The Washington Post reports, per “one source,” that President Obama “appear[s] to be frustrated by the public perception that the recovery bill was becoming laden with partisan pet projects.” According to “two Democratic sources,” Obama “took a blunt tone with [Democratic] lawmakers, urging them to drop whatever needs to be cut from the bill to gain bipartisan support and to pass Congress soon.”
I have no doubt that Obama is frustrated by any public perception that might undercut his popularity. But I doubt that Obama is serious about cutting “partisan pet projects,” or that Obama believes the Democrats will cut them appreciably.

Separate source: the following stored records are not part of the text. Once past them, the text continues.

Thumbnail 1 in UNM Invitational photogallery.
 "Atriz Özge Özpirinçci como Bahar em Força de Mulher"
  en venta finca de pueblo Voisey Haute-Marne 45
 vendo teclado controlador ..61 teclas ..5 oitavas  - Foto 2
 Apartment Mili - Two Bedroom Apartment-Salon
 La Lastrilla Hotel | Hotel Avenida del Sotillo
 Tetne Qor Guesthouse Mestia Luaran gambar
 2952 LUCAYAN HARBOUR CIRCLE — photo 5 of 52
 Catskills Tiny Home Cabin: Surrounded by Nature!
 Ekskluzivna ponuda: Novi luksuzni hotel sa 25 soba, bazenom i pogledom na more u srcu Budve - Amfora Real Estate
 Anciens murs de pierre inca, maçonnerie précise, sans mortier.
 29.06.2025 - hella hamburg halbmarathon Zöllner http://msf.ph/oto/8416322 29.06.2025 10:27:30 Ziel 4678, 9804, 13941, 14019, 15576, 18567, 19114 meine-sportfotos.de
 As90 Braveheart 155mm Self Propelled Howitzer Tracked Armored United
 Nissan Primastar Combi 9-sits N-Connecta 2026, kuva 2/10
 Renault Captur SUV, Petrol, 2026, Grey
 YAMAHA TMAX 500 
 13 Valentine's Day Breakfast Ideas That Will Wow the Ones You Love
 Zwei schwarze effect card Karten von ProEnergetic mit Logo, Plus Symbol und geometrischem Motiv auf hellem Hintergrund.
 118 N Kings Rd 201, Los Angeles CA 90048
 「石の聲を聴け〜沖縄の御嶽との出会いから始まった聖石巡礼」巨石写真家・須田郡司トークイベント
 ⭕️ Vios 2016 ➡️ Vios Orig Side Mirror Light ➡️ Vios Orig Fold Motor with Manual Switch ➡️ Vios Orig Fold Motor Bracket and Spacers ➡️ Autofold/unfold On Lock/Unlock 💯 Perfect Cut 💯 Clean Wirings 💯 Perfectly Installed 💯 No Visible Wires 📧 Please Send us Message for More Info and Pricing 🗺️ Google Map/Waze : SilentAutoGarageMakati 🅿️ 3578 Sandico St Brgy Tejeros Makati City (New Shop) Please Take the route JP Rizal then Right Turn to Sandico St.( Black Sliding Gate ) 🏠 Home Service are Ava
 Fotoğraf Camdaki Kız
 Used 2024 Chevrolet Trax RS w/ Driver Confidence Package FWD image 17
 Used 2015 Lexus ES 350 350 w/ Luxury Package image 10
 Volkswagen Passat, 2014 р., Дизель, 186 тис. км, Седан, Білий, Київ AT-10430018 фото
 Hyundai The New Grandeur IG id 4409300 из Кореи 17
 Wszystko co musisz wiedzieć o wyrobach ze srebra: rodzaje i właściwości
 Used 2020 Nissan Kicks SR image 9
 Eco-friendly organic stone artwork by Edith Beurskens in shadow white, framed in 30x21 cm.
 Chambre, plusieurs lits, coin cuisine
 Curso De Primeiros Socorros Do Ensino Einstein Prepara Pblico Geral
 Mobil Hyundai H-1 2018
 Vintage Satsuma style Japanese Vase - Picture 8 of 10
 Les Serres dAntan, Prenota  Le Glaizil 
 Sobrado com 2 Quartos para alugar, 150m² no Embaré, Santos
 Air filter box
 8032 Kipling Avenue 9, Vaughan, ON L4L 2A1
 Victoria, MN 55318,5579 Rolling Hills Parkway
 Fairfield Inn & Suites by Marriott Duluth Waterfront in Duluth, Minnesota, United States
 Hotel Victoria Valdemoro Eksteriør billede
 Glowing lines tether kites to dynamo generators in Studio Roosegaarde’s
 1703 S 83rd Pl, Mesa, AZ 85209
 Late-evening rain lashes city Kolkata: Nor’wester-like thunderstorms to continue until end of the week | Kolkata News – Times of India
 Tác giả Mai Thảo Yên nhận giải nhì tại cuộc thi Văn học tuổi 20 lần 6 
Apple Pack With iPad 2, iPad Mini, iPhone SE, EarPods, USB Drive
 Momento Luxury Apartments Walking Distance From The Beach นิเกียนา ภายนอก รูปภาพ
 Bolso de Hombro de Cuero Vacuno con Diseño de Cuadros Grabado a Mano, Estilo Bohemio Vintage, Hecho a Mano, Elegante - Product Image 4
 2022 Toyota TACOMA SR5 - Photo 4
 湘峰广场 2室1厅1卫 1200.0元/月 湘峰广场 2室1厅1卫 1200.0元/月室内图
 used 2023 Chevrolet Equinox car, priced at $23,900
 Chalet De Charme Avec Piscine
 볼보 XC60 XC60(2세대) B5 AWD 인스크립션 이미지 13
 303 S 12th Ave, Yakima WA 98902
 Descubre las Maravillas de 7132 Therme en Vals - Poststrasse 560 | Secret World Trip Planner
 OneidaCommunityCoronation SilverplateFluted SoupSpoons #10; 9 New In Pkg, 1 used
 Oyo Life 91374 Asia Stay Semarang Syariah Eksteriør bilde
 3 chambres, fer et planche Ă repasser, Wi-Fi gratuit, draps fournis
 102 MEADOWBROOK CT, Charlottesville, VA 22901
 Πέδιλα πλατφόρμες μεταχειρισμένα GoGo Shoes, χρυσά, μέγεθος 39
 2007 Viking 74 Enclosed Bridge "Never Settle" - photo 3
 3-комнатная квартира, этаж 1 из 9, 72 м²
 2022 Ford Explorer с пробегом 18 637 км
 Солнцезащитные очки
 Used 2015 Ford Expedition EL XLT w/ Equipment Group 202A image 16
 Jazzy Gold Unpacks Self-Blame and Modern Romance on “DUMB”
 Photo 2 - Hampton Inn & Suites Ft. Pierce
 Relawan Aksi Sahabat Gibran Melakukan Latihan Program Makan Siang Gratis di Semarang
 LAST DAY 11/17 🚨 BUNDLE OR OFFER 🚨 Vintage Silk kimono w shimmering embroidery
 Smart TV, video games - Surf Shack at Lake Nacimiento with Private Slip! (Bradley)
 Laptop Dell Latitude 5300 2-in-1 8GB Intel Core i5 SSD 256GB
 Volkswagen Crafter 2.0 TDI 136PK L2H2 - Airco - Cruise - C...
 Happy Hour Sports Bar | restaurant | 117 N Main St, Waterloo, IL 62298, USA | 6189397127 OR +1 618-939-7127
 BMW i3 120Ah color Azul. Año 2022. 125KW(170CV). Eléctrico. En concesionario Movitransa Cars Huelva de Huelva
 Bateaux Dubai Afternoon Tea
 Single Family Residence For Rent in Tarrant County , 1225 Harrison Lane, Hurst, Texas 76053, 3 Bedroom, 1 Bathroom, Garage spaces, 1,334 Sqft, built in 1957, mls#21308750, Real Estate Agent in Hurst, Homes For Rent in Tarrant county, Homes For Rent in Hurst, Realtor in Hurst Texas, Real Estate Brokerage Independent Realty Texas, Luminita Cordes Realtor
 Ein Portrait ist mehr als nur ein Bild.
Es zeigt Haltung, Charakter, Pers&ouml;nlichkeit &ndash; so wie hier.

In all likelihood, the president is simply trying to get it on the record that he doesn’t really approve of the way the congressional Democrats are behaving because he understands that this is the view of most the country.
Obama operates this way. For example, when John McCain and other Republicans proposed legislation a few years ago to reform Fannie Mae and Freddie Mac, Obama (who received substantial contributions from these outfits) refused to come on board. Instead, shortly after announcing his presidential candidacy he wrote a letter to Treasury Secretary Paulson warning of problems in the subprime market. In short, he took no action but rather was content to “go on the record” to cover himself.
Change has come to Washington. For eight years, we had a president who said what he meant and meant what he said. Now, it appears, we don’t.